Anisotropy Behaviors and Microstructure Evolution of 2195 Al-Li Alloy during Ultra-cryogenic Deformation

doi:10.3901/JME.2025.14.073

Abstract

Abstract: The anisotropic behavior of Al-Li alloy significantly influences its formability. The anisotropic mechanical behavior and microstructure evolution of 2195 Al-Li alloy at room temperature (RT) and -196 ℃ ultra-cryogenic temperature (CT) were studied.

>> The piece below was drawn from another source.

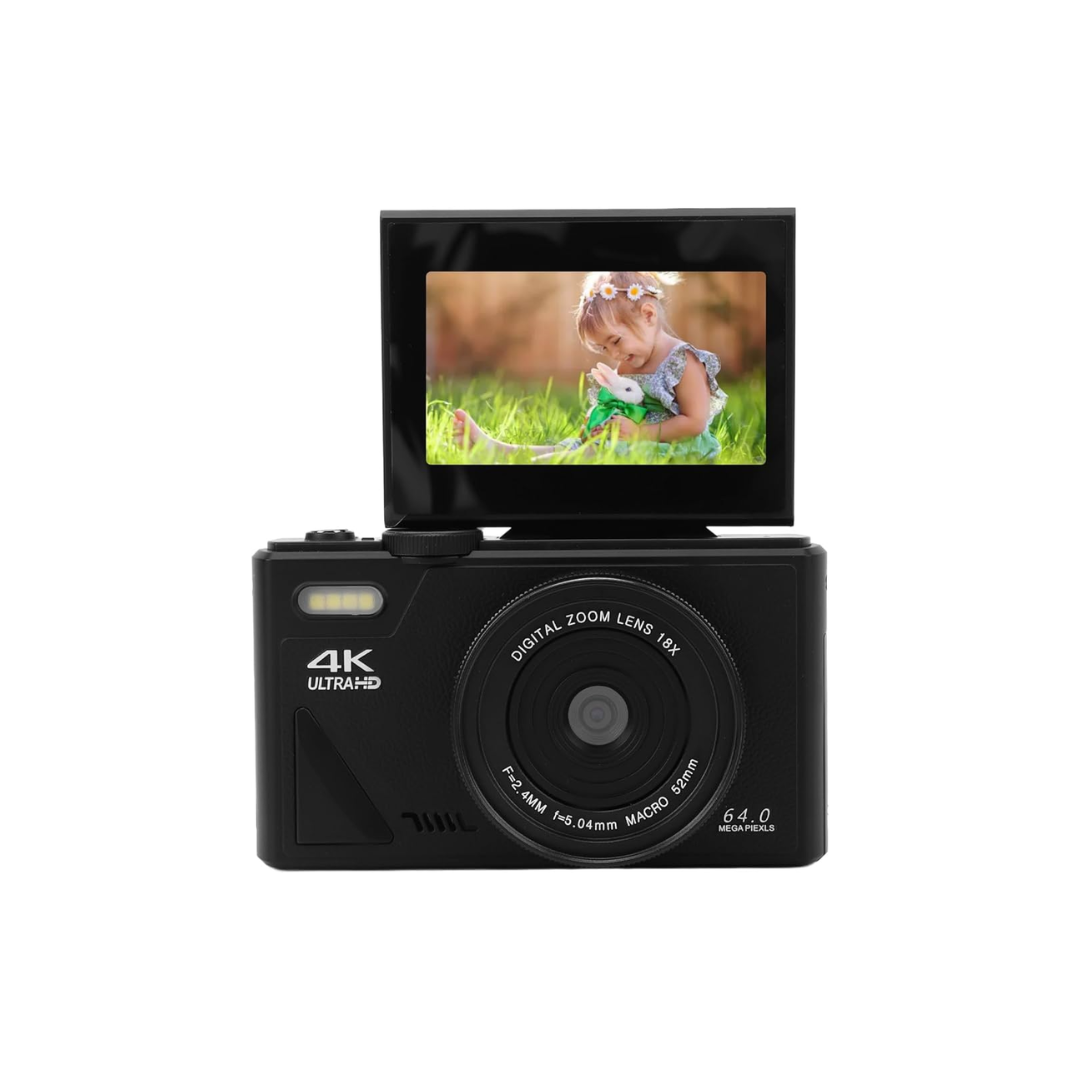 Acuvar Cámara digital 4K de 64MP para fotografía, cámara de vlogging para YouTube con pantalla abatible de 180° de 3.0 pulgadas, zoom digital de 18X (kit de inicio, negro)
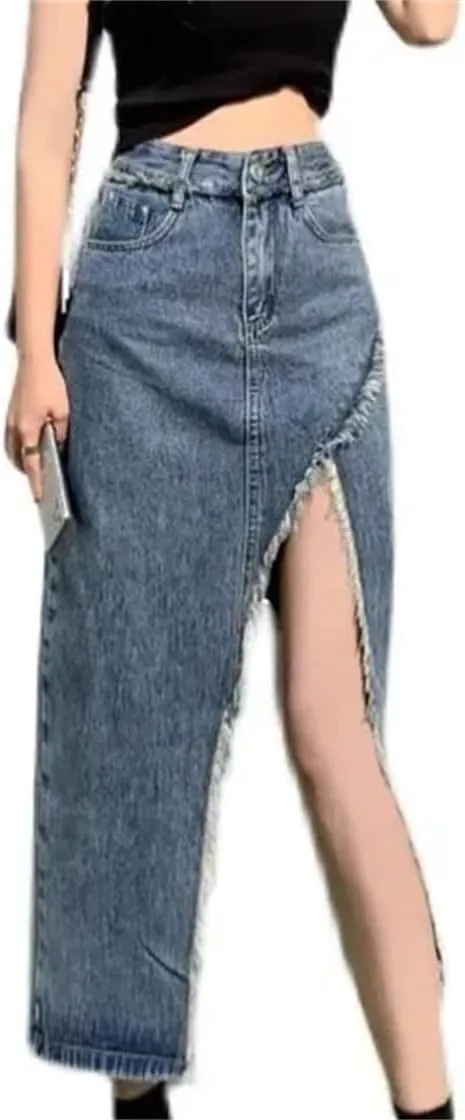 Women Sexy High-Waisted Side Slit Denim Skirt Spring Autumn Fashion Long Dress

The tensile properties, strain hardening exponent n value, and anisotropy index r-value of 2195 Al-Li alloy along different directions were obtained by using the technology of CT tensile combined with digital image correlation (DIC), through the uniaxial tensile test at RT and CT. The grain deformation and the texture evolution with tensile deformation were analyzed, through ultra-cryogenic in-situ tensile scanning electron microscope observation. The results show that the n value of 2195 Al-Li alloy increases, the r-value increases, and the Δr value decreases at -196 ℃. When deformed at CT, more grains participate in deformation in different directions of Al-Li alloy, and the deformation uniformity is improved. Ultra-cryogenic temperature can accelerate the texture evolution process of Copper {112} <111>→S {123} <634>→Brass {011} <211>, thereby reducing the Copper texture components and increasing the r-value. In addition, the CT deformation will reduce the volume fraction of the β fiber texture, thereby weakening the influence of texture on in-plane anisotropy and decreasing the Δr value. The results show that the deformation uniformity of Al-Li alloy can be improved at CT, and reveals the micro-mechanism of the anisotropy reduction in the aluminum alloy under CT, laying a theoretical foundation for the application of aluminum alloy CT forming technology.

Key words: 2195 Al-Li alloy, cryogenic deformation, anisotropy, texture, grain deformation

CLC Number:

TG156

YAO Mengjia, WANG Ruiqian, LIU Wei. Anisotropy Behaviors and Microstructure Evolution of 2195 Al-Li Alloy during Ultra-cryogenic Deformation[J]. Journal of Mechanical Engineering, 2025, 61(14): 73-80.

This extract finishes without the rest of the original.